My rice wine gets better all the time. A week ago I made the best yet. New tricks: Give it more time. Five days is better than three, because I can't take all that much sweet. When heating it to kill the yeast, be sure to wait till it froths before stopping. I failed to do that the previous batch and had rice wine all over the kitchen upon opening a bottle. It had been continuing to ferment and when I cracked the lid it became a geyser.
I finally tried some store-bought. The kind I make is closest to what they call Nigori (cloudy) in Japanese. I had a bottle of it. It tasted just like mine but the alcohol content was way higher.

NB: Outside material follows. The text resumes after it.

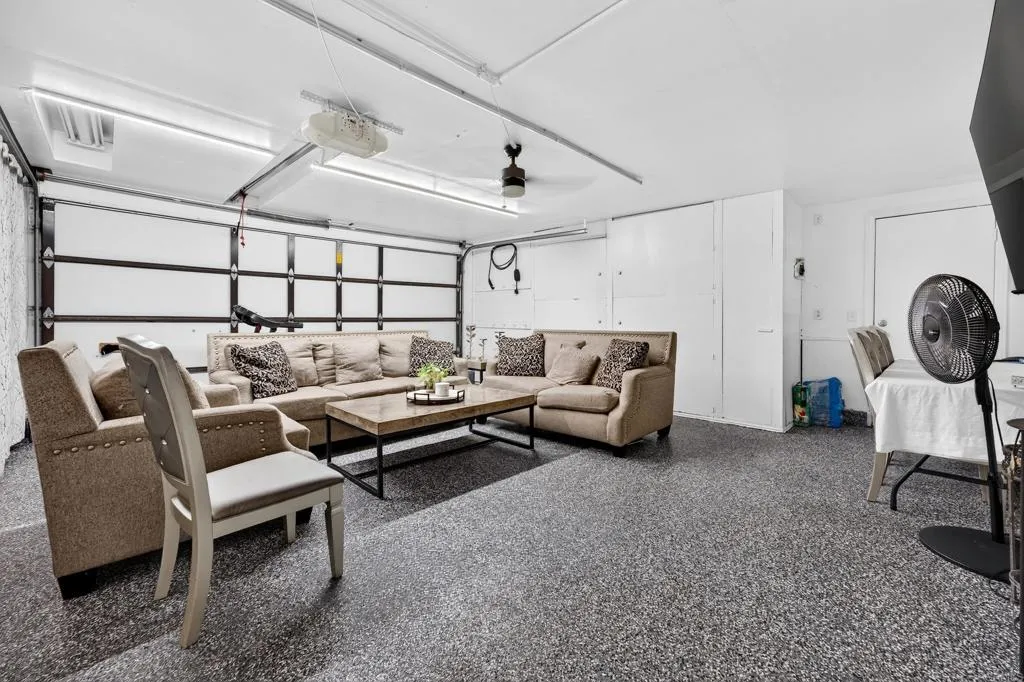 https://cdn.realtyfeed.com/cdn/127/307059992/3b906d8755c36db8e2bd028cf9abf9a6.webp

[Below, an actual picture of actual Nigorizake the way you're supposed to drink it. Don't drink it out of a jar like I do.]
But mine is definitely alcoholic. And I am slowly picking up ideas for improving it. Some things to try in the future include a kind of rice-starter used to make Japanese rice wine (as opposed to the Chinese yeast cakes I've been using), adding small amounts of lactic acid (easily done and said to boost alcohol production), and a multiple step process (adding new rice to the pot after the fermentation has got under way.)
According to this Wikipedia article on sake, making it at home has been illegal in Japan since 1905! Apparently this is one of those laws that nobody enforces anymore. They say the Encyclopedia Britannica is banned in Texas because it has information on home beer making.